I am thinking about Gwen, pregnant, across the waters of several sounds in Amagansett, too allergic to the dust and molds in her 'new' old house in Greenwich to live in it, staying out there by herself all week. And here I am, largely by myself, not that many miles away as the crow flies, though I'd need a pair of heavy duty Jesus feet and a following breeze to get over there on water. I am thinking about how much I thought of her last year when we worked together all those months before she married, how much fun we had, the smart hardworkers in an army like crew of bores.

We worked closely together one spring and summer and into fall, sweating, eating, getting dirty together while planting shrubs and hauling tarps filled with dirt and clippings from the perennial borders we maintained. We represented the 'can do, get it done' end of the crew, maybe not it's finesse, but not so bad either, and we worked well and often as a team. At lunch, we would break off from the crew in order to buy unhealthy lunches together from the Greek Gyro truck, and just to get away for a few minutes. The Greeks assumed that we were wife and husband, an intriguing assumption, as far as I was concerned.

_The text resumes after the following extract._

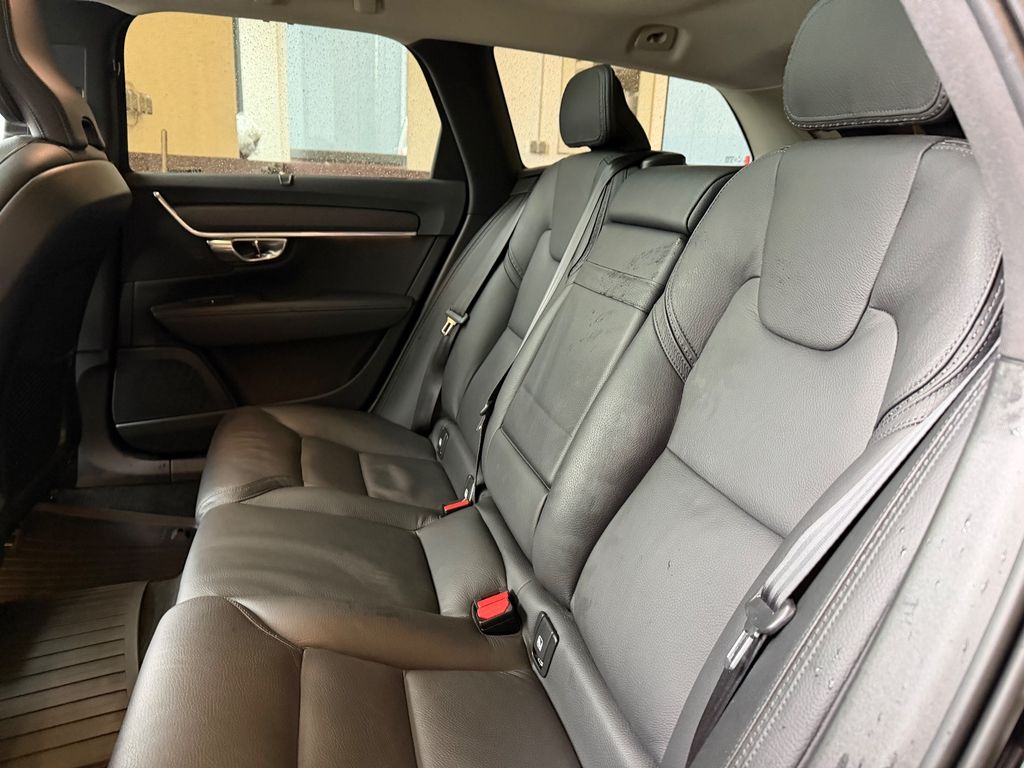 Volvo V90 Cross Country 2019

Gwen is practical and no-nonsense in the garden and elsewhere. She is decisive. In looks, she is cute, blue-eyed, blond, pettite, and very fit and strong. She is quick-witted and sharp-tongued, or quick tongued and sharp witted, but not well-educated. She has a chip on her shoulder about those who are. She's seen enough spoiled princes working at a restaurant bar in Easthampton. She knows what she knows and doesn't know, which means to me that she's smart. And I represent exactly a type she normally disparaged: Ivy League, private schooled "preppy," a WASP, a snot born with silver spoon. Yet here I was, working hard and helping everyone, never putting her down or treating her as the redneck from the North Fork of Long Island, which by her self-description, she is.

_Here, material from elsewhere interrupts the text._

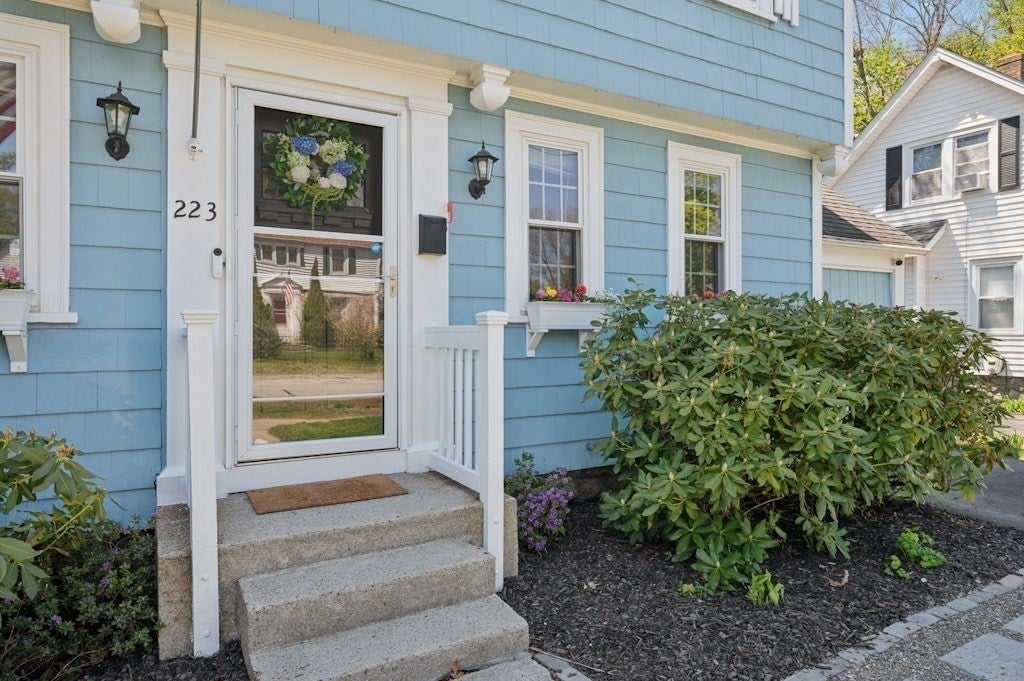 223 Beverly Road, Worcester, MA Photo #6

And I never "hit" on her, which had to be novel because she had always worked in places where nearly everybody did, she is that cute. Yet there was always a tension, at least for middle-aged, long married me, a yearning controlled by the ego or the super ego or whatever inhibits and separates us from our iddish, animal selves. I must have been among the very few. I think she appreciated it. She even told me how much she "loved sex" and how alarmed she was, about to get married, and that she was sort of having to give it up since her husband to be did not really seem to care much about it. Was she asking me for a final fling, being a tease? I thought about it. Gwen could not have known how much I ached to rediscover sex, something I gave up with marriage, and certainly after the birth of my daughter, trading the pleasures of as Alice crassly put it, "new ass" for the security of a best and trusted friend. Actually there was plenty of sex until we had a child, and then there was none. Zippo. God knows, I think about it all of the time, but the complications of trespass on a marital trust are so many and so complicated that the act of betrayal to my wife, however sexless our relationship has been, limits me to lusting in my heart or mind and makes its consummating it improbable.

Is it really any wonder though? What if we had wandered over to the gazebo opposite Riverside Yacht Club, or hidden behind or inside a sculpture in that garden in Back Greenwich, or on the rooftop garden next to the Round Hill Club, by the pool overlooking Long Island Sound, or even in the cab of the Ford Ranger, with the tools and fertilizers? I might argue that a latent, unrequited ache may be superior to touching flesh, but ask me whether I really believe this to be so. So much hesitation on my part. I am filming my own reality television show, "This Is My Life" and we only have one life to live. It seems that I have spent a life of wishing and not doing. Sex with Gwen would have been great, that's my own best guess, but its consequences--who knows--might have been devastating because making love might have been so powerful to this middle-aged man with damaged self esteem that he or we might have become more involved than I could predict, and involvement is something that one cannot control. I am reminded of the line in a Ted Hughes poem, "Love struck into his life like a hawk into a dovecote." Imagine all those feathers, the commotion, droplets of red blood on white plummage.